だが63(昭和38)年の記録的な豪雪「三八豪雪」で、消雪パイプは一気に評価を高めることになる。この年の1月、長岡は3メートルを超す積雪に街中が覆われた。災害救助法が適用され、自衛隊が出動。火炎放射器で雪を溶かそうとするが雪の塊は火炎放射器の火力でも歯が立たず悪戦苦闘した。
しかし消雪パイプがある道だけは違った。西片さんは「雪が降った翌朝、消雪パイプの道を見に行くと湯気が立っている。近づくと路面から黒いアスファルトがのぞいていた」とかつての興奮を語る。消雪パイプの活躍は長年雪に悩まされてきた市民に喜びを持って迎え入れられた。市は道路の舗装と同時に消雪パイプの普及を進めることになった。

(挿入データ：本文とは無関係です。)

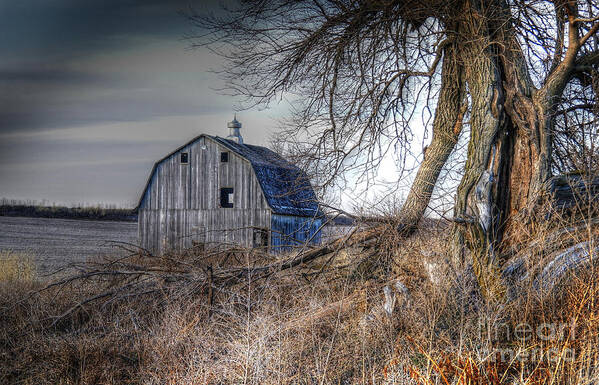 Landscape Art Print featuring the photograph Lightning strike by Thomas Danilovich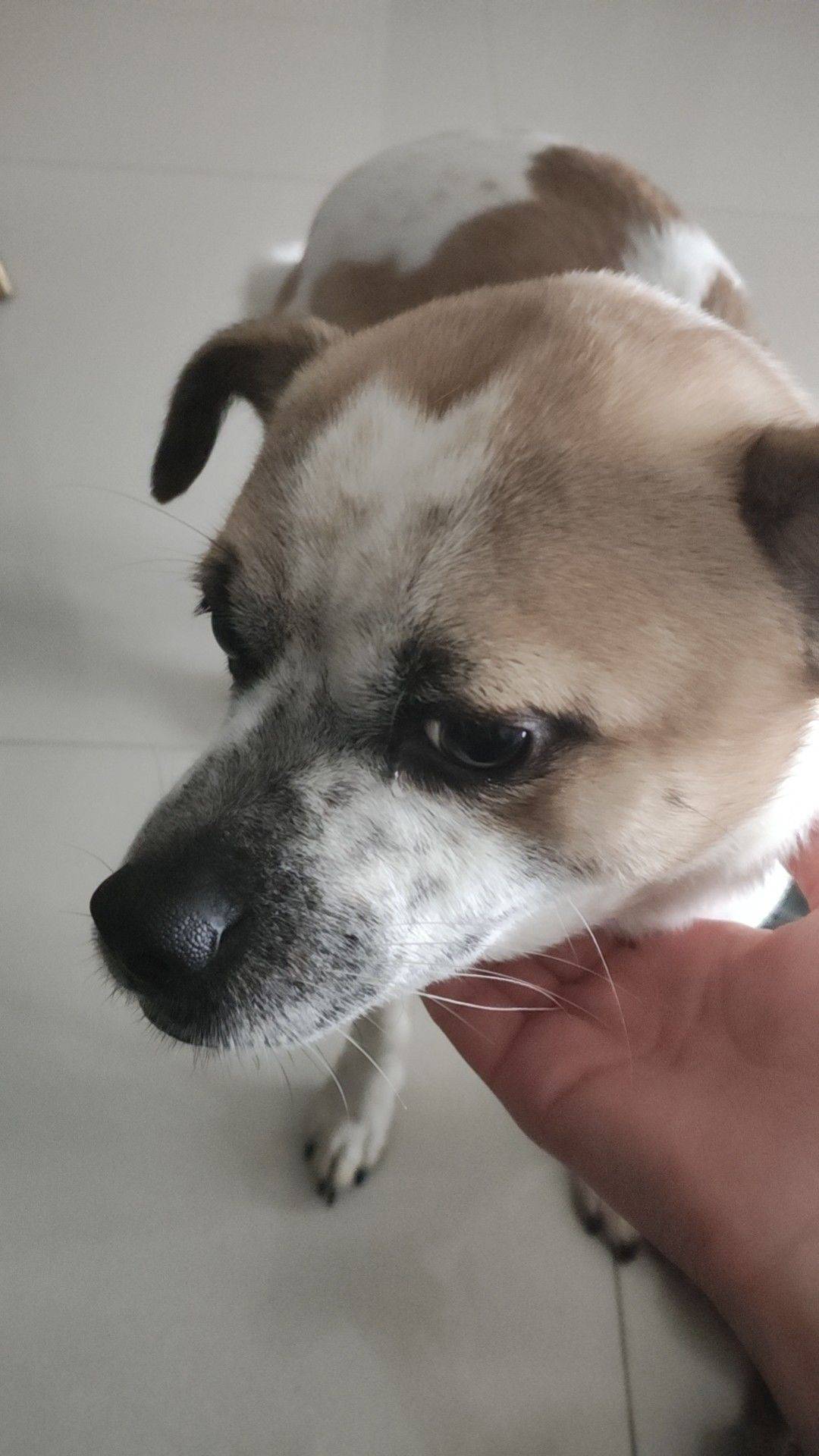 成炼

消雪パイプの特許は今井氏が取得していたが、「特許料を融雪の研究費に充ててほしい」と長岡市に無償譲渡した。市は当初、消雪パイプ1メートルあたり150円の特許料を徴収していたが、豪雪地域の自治体から反発もあり、69(同44)年に無償公開に踏み切った。
消雪パイプが普及する一方で、地下水の過剰揚水による地盤沈下が問題視されるようになった。市は68(同43)年、消雪パイプの新設を原則中止とし、除雪車による除雪に力を注ぐようになる。
それでも市民の消雪パイプへの要望は大きかった。市は地下水の利用制限や、節水機能を持つシステムの開発、消雪パイプを私設する場合は補助金を出すなどルールを策定し、地下水と消雪パイプのバランスを模索している。同市の細山俊一土木部道路管理課長(55)は「高齢化と核家族化が進み、玄関先の除雪が大きな負担となる世帯が増えている。消雪パイプはその負担を解消してくれる」と説明する。
2011年からは消雪パイプを夏の暑さを和らげる「打ち水」として利用する新しい取り組みも始まっている。西片さんは「消雪パイプは雪国に住む人にとって希望。さらに発展してほしい」と話す。